[Opening Materials provided section]
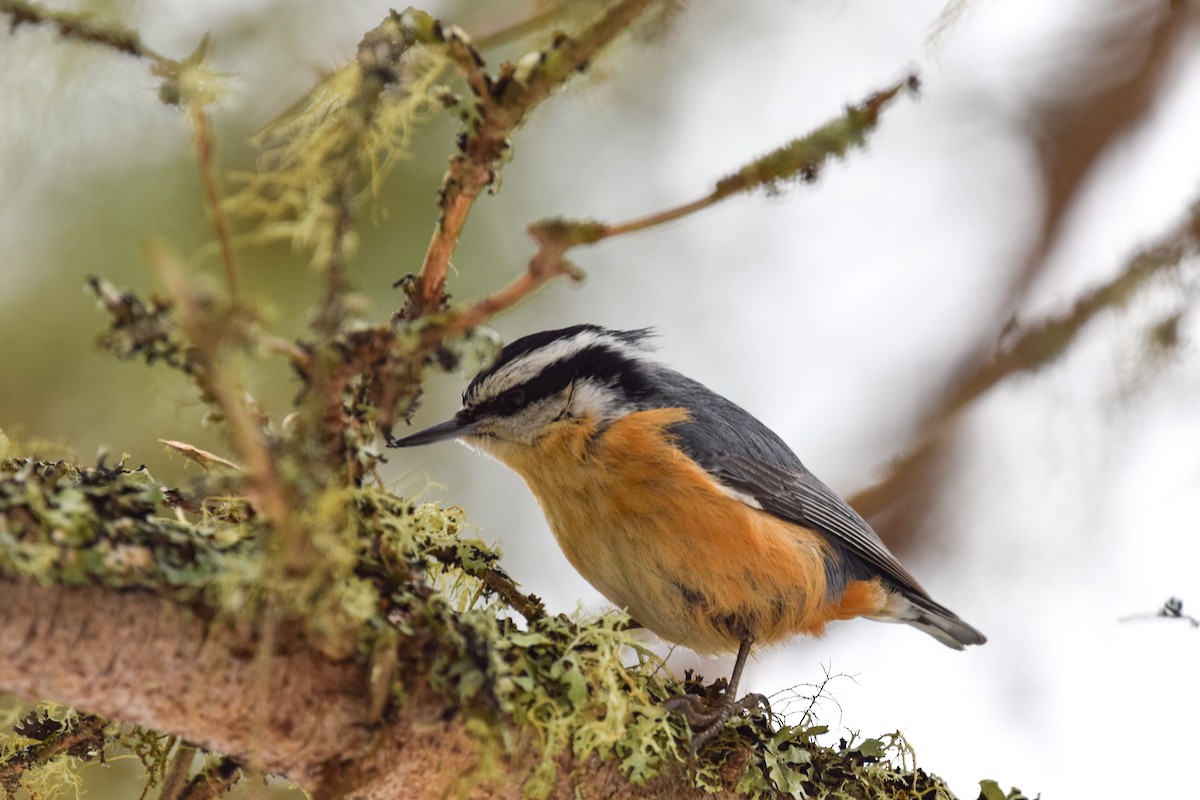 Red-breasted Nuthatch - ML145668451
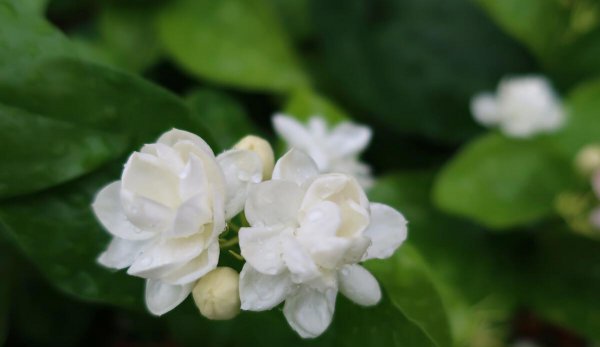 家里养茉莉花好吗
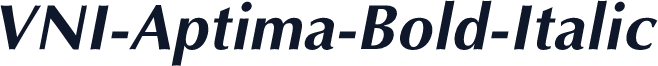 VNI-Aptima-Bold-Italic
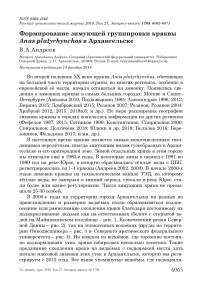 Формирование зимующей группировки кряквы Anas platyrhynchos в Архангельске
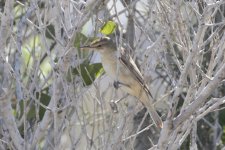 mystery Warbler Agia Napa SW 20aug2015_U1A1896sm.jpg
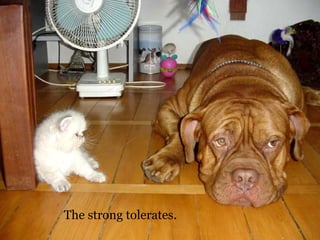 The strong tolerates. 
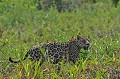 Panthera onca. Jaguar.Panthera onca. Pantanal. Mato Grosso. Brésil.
[Closing Materials provided section]
About this exercise: Transcribe every entry exactly, omitting pictures.

Output of the task:
 Red-breasted Nuthatch - ML145668451
 家里养茉莉花好吗
 VNI-Aptima-Bold-Italic
 Формирование зимующей группировки кряквы Anas platyrhynchos в Архангельске
 mystery Warbler Agia Napa SW 20aug2015_U1A1896sm.jpg
 The strong tolerates. 
 Panthera onca. Jaguar.Panthera onca. Pantanal. Mato Grosso. Brésil.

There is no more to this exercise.